Turnitin's approach to the word count

Turnitin explains its approach to word count as follows:

“Turnitin uses a word counting algorithm very similar to that of Microsoft Word.  For everything except HTML, PDF, and PS file types, we rely on Microsoft Word's word count system."

Note: Turnitin's word count does not count the words in textboxes, footnotes, and endnotes since these are not included by default. For example, if the whole paper (e.g., a form) is in a textbox, it may be rejected because the word count is too low.”

  • Although Microsoft Word word count does in fact include words in text boxes, footnotes and endnotes (unless that checkbox is unchecked in the Word Count dialog box), Turnitin doesn't include them in its word count unless the document is uploaded as a text based PDF (with text based PDFs, it can't tell the difference - it's all just words).
  • Image based PDFs are solely image files which Turnitin cannot process.

What departments can do

At least one faculty Board of Examiners has discussed this matter formally. There was agreement that it wouldn't be feasible to have faculty-wide framework calculating word counts.

Other institutions e.g. University of Sussex urge their staff to treat the word count as indicative only, and to use their judgement.
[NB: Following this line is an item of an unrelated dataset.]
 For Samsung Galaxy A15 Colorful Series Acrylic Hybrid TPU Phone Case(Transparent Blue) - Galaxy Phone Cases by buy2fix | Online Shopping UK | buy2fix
In this respect the word count is not accurate, but it may still be an advance on the judgements which used to happen with paper-based marking.

If there is a likelihood that, to circumvent the word count, students will displace text from the body of the essay into footnotes or any other form which is not counted by the algorithm, then consider asking the students to state an inclusive word count before uploading.
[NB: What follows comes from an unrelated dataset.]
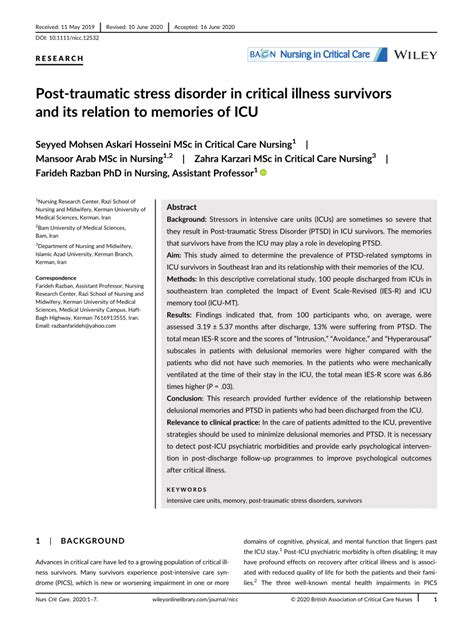 Pdf Posttraumatic Stress Disorder In Critical Illness Survivors And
Students should be provided with clear, consistent, salient guidance on:

  • Whether there is a template and instructions to standardise things like margins, font style and size, etc. (it may be that standardised submissions are a further visual aid to markers on word count who can then estimate that x number of words is roughly y number of pages - though diagrams and images complicate the estimation).
  • The format students should save their work in (again please note that only in PDF format does Turnitin count footnotes, endnotes, etc.).
  • Whether the word count should be based on the Turnitin value (and how to check) or the original word-processed value.
  • If the word count isn't based on the Turnitin value, then whether students should include a statement of the word count.
  • Whether the word count should include words in textboxes, footnotes and endnotes (it often will - otherwise there is an incentive for students to display text into these elements to exclude them from the word count), and some guidance about how to configure the word count to include them.
  • That it is possible for markers to download original work to check the word count.  

Departments should also direct markers' attention to guidance provided to students.
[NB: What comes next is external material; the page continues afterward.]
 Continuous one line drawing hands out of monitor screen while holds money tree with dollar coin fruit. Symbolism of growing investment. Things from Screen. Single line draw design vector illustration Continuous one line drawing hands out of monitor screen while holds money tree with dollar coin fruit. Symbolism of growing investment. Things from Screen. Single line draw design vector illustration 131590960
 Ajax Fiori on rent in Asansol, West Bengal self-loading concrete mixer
Note that it is possible to bulk download Turnitin submissions in the original file format, before and after the Post Date. 

Take opportunities to explain and repeat the ethical reasons for a word count so they become understood as equal opportunity for students rather than convenience for markers.

If this doesn't meet your needs

Consider using Moodle Assignment. Since student work opens in its original format, there won't be a discrepancy between the original and uploaded work.

Questions and answers

Can we ask students to break up the work into separate files, isolating the actual essay into a single file?

In theory it's possible to ask students to split work into different files e.g. one for the coversheet, one for the body of the work, and one for the references section. However, while this would improve the accuracy of the word count (though only somewhat - see above) this may prove too onerous both for the students and for the markers, who would need to frequently cross-reference between files.